‘Beast’ appeals sex convictions
Serial sex offender Stewart Murray Wilson has appealed against his latest convictions and sentence.
Wilson, 72, was sentenced in late 2018 to two years and four months’ jail for historic offences against three victims.
A jury at the High Court in Auckland had found him guilty on four counts of rape, three of doing an indecent act on a girl, one of attempted rape, burglary, indecent assault, and threatening to kill, relating to two adult women and a nine-year-old girl between 1971 and 1980.
His lawyer, Andrew McKenzie, said at the Court of Appeal yesterday that the complaints against Wilson from the two women had been recorded by police before Wilson was sentenced in 1996 for a raft of other offences.

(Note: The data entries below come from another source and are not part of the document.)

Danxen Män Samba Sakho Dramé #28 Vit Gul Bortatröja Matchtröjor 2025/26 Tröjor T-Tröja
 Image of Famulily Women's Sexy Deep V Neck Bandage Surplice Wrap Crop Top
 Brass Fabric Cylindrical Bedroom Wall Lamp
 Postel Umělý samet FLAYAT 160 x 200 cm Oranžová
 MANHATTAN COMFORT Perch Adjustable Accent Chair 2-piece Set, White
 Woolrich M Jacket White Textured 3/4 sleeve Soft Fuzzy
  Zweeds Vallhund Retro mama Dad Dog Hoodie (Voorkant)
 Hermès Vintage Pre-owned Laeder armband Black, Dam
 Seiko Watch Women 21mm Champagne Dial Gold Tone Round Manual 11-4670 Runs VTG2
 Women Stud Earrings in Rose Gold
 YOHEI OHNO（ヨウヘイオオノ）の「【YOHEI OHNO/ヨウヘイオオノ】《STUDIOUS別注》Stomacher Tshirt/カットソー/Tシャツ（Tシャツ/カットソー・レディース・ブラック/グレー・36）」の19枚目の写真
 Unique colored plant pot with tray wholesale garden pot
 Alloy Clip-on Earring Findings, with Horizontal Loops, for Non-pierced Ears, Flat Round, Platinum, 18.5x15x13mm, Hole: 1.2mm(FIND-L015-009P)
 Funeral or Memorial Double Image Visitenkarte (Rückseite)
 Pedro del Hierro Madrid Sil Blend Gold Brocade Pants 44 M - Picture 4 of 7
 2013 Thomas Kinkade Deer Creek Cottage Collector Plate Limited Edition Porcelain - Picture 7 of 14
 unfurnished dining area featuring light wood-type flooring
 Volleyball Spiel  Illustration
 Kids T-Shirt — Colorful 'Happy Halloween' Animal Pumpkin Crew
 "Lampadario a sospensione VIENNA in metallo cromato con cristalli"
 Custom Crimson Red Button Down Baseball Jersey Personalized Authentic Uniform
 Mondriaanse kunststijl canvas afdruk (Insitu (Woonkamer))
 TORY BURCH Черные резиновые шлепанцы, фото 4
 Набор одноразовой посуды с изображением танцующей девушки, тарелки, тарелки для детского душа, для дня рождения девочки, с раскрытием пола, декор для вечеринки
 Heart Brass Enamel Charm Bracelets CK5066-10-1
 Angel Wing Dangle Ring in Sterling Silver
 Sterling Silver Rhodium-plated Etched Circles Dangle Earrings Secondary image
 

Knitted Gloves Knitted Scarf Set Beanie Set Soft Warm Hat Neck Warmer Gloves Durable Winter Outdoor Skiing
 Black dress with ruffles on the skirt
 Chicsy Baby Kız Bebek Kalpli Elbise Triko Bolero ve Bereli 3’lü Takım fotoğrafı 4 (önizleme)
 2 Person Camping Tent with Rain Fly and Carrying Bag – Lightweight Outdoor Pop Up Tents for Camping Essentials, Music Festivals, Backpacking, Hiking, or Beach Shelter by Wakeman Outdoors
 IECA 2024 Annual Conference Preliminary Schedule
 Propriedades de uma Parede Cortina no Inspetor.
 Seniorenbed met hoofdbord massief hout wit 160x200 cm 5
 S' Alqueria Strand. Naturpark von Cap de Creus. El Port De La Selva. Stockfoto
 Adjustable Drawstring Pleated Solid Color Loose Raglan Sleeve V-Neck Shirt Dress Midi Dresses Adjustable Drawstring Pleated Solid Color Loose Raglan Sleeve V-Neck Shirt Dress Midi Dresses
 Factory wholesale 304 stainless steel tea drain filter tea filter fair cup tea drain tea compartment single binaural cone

In 2000, other charges against Wilson were stopped and so should have the charges from the two women.
In relation to one of the women – who has since died – there were fundamental errors in her identification of Wilson, getting the wrong house, wrong wife’s name and wrong occupation, McKenzie said.
Another ground of appeal was based on a charge of rape being reduced during the trial to an attempted rape. It unfairly deprived Wilson of his intended defence that there was no penetration, he said.
The sentence appeal was that if Wilson had been sentenced in 1996 for the most recent convictions Wilson would not have got a longer sentence than the 21 years he received, McKenzie said.
Another ground of the sentence appeal was that Wilson should have been discharged because in relation to one of the women the prosecution had waited 40 years to charge him.
Crown lawyer Mark Lillico said the issue about delay was whether Wilson could still get a fair trial, and the Crown said that he could.
The challenge to one of the women’s identification of Wilson was before the jury and it accepted her identification.
The change of the charge from rape to attempted rape was ‘‘always on the cards’’ and was not unfair to Wilson, Lillico said.
Lillico supported the sentence on the basis the 21-year sentence would have been even higher in 1996 if the most recent convictions had been included.
The Court of Appeal reserved its decision.